At one point Ogion asks Ged what a certain flower’s name is. Ged does not know and asks Ogion what the flower’s use is. Ogion responds, “When you know the fourfoil in all its seasons root and leaf and, flower by scent and seed, then you may learn its true name, knowing its being; which is more than its use. What, after all, is the use of you? or of myself? Is Gont Mountain useful, or the Open Sea? (18)” Ogion’s statements highlight the knowledge of essence over function. One has to recognize the scent and the movement and understand what it is. All the other aspects come along with that knowledge and reveal themselves with experience. Elements and people not having a use is not a negative, and Ogion values the essence and the existence of a certain object, rather than its utility and use. The existence alone fulfills a certain natural order and has a role in the universe.              

This rare outburst of Ogion’s thoughts is similar to another concept of Tao, named P’u. According to Slingerland and Kraemer:

P’u is translated as “uncarved block” or “simplicity,” It represents a passive state of receptiveness. P’u is a symbol for a state of pure potential and perception without prejudice. In this state, Taoists believe everything is seen as it is, without      preconceptions or illusion. In the state of p’u, there is no right or wrong, beautiful          or ugly. There is only pure experience, or awareness, free from learned labels and definitions. (Slingerland, Effortless Action: Wu-Wei as Conceptual Metaphor and Spiritual Ideal in Early China, 2003, p. 233) (Kraemer World Scriptures: An Introduction to Comparative Religions, 1986, p. 286)

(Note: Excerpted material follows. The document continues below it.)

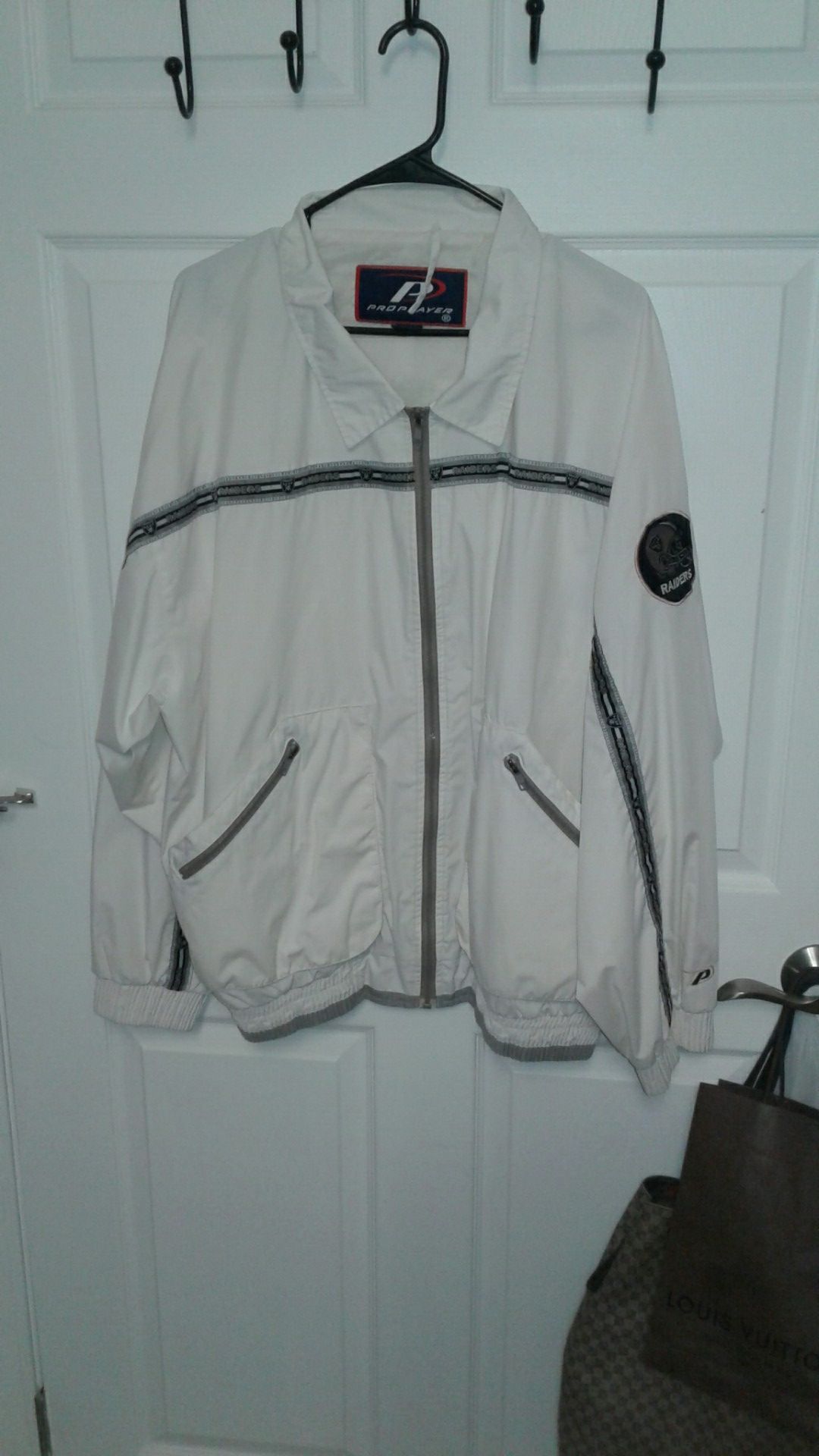 Vintage 90s RAIDERS pro player thin jacket white with Raiders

Ogion’s opinions resemble these Taoist sentiments and he is a loyal follower of the discipline. Later, when Ged reclaims his shadow, he is closer to understanding his own essence and gains wisdom from his newfound knowledge. These are all steps leading to understanding your role in the universe as a microcosm (a small part of a larger body).              

One of the main themes of the book is the danger of shape shifting, or changing into something else for a longer period of time. When Ged turns into a dragon, he instinctively knows he must finish his battle with the other dragons quickly. When escaping the court of Terrenon, Ged changes into a hawk and flies across the seas for an extended amount of time, eventually returning to Ogion. Upon his return, he is unable to revert shapes and is stuck in his eagle’s body until Ogion manages to turn him back into Ged. By becoming the eagle, Ged has tampered with the balance and forgotten who he truly is. This falsification of the self represents lack of self-knowledge and foreshadows an eventual doom. For Ged to be a part of the universe and not an outcast (as he often sees himself), he must know his true self, every aspect of it, similar to the way he knows a fourfoil in all its seasons root and leaf and, flower by scent and seed. This ties into his reunification with the shadow, regardless of it being good or bad, ugly or beautiful (labels that have no meaning within p’u).            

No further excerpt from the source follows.